Who rents a beach house so that they can use the computer? When my family rents a beach house, spending time in front of a computer is the last thing on my mind.

From your point of view, putting a computer in a beach house could be a headache anyway, for physical reasons. Everything in a rental property takes a beating. I'd just get a wireless router, hide it in a locked closet, and maybe put a few ethernet jacks where your guests can find them. Let them bring their laptops if they're geeky enough.

You might also make them sign something saying that they're responsible for whatever gets downloaded during the time they're in the house. That way, if you have a guest who downloads something that attracts the wrong sort of attention, maybe they'll get in trouble instead of you.

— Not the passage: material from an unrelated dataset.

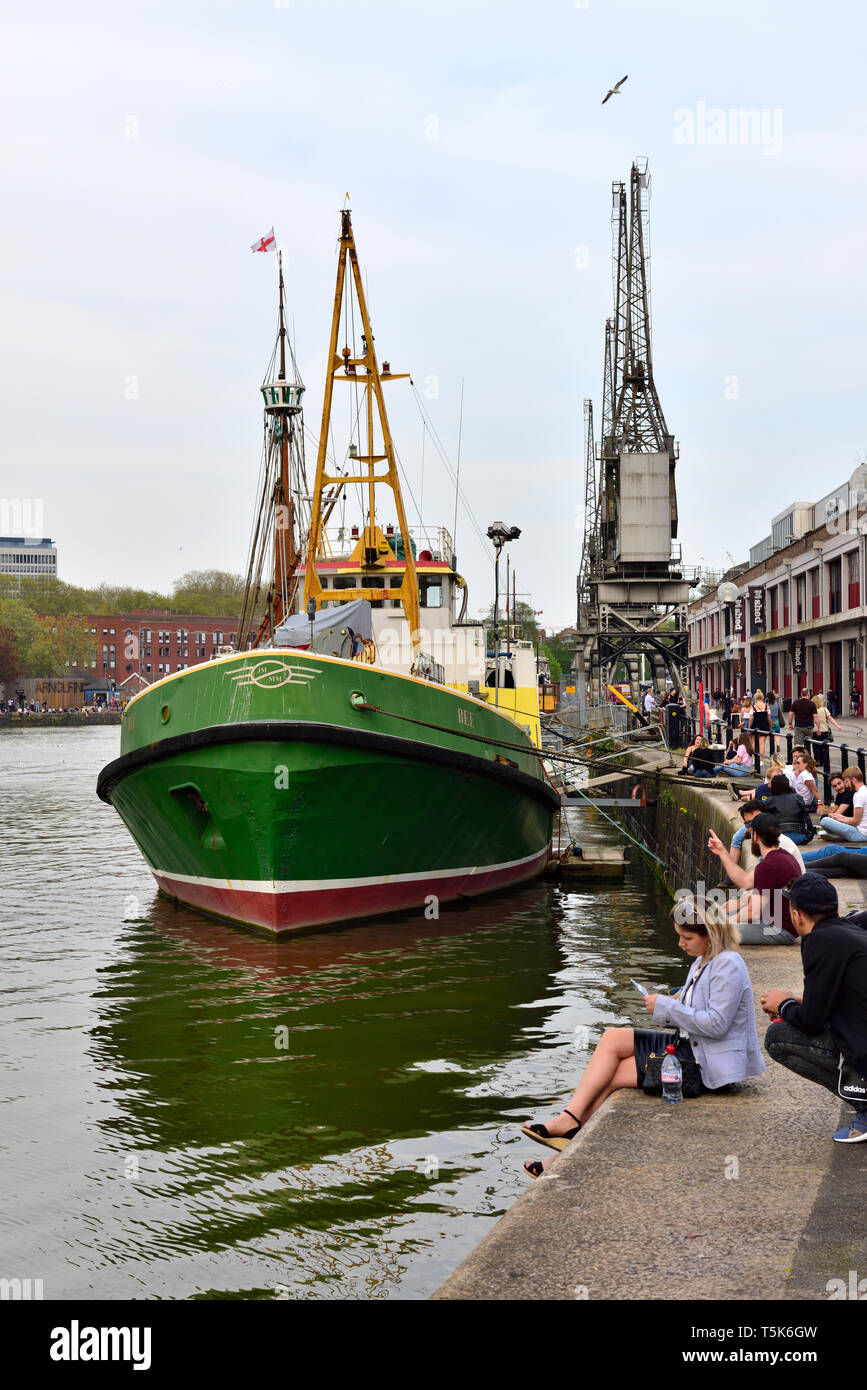 Bristol Schwimmenden Hafen, Leute sitzen auf Wapping Wharf Kai mit versorgungsschiff Biene von Bristol und historischen elektrischen Krane Stockfoto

Re:Let's ask the metaquestion

[warpSpeed]

Who rents a beach house so that they can use the computer? When my family rents a beach house, spending time in front of a computer is the last thing on my mind

I Do.

I run my own buisness, so I never really get a vacation from email. Also the whole family loves going to the beach, except me. What can I do? I bring my laptop and tons of books magazines, etc. In the past I have used dialup while at the beach (oh the horrors!). DSL access in the beach house would simply be "heaven". Wireless access would be a real bonus (but I can bring my own WAP) I can hang out during the day reading and responding to email and drinking beer.

Now that is a vacation.

Environmental concerns

[YrWrstNtmr]

UPS. Depending on where this is, beach houses suffer from enough storms and power outages to make this a necessity.
Sand and water. This is at the beach. Little Jimmy will start pecking away with sandy fingers. A weatherproof keyboard, at the very least. Sealed cabinet for the case, maybe.

Personally, I'd just give them access, and not the actual PC.

WebTV

[YrWrstNtmr]

Can't use it for much, but hey...at least they can't screw anything up with it.